What Kubernetes Does for You
While cloud providers have their orchestration tools, for example, Amazon’s EC2 has CloudFormation, Kubernetes works everywhere. This tool can deploy pods on local networks, physical machines, and any public or private cloud.
There are many reasons why Kubernetes has been particularly useful for blockchain applications, mainly because of it:
- It makes it easy to provision variations of blockchain networks and test them out rapidly
- Assures that the application remains running with maximum uptime
- Keeps you informed with alerts if something is not functioning to plan
- Generates status updates and usage levels on infrastructure components
- Simplifies debugging by tracing failures to the source
- Evolves to incorporate new tech because it is open source
Getting Started with Blockchain on Kubernetes
VMWare has produced a startup guide with use cases that can jumpstart your next application development. This guide advised:
“Despite the attention to blockchain, installing and managing a blockchain service is very complicated and requires sophisticated domain knowledge. Blockchain on Kubernetes (BoK) is a tool for users to deploy Hyperledger Fabric v1.0.5 in Kubernetes. With only a few commands, a cluster of Fabric node is up and running on Kubernetes. The blockchain developers can focus on the implementation of the business logic.”
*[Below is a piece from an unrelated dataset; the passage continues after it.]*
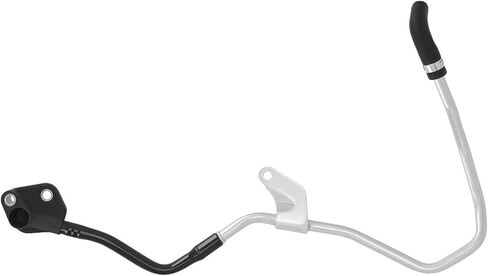 maXpeedingrods Cooling Water Hose for Mercedes-Benz S550 S500 SL550 SL63 S63 GLS63, Turbocharger Coolant Line, 2782000500 2782001200 in Saudi Arabia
This points the way to a truly serverless architecture, where developers can devote their attention to pure application development. In a serverless workflow, Kubernetes can handle everything in the environment from the server on down, including networking info, message queues, and more. To see how this works, you can already access the open-source Virtual Kubelet in Github, which is dedicated to simplifying serverless implementations of Kubernetes.
That’s just one aspect of the road to innovating with blockchain. In the weeks ahead, this blog series will delve deeper into:
- Serverless workflows
- Hyperledger Fabrics
- Ethereum Genesis Blocks
- Geth private keys
- Ingress controllers
- Helm for microservices
- Secrets for successful Kubernetes deployments
In the end, only one question matters: How is your business going to deploy this tech stack to introduce disruptive innovations and stake out an intelligent position in this $2 trillion opportunity? The answer is at the intersection of blockchain and Kubernetes.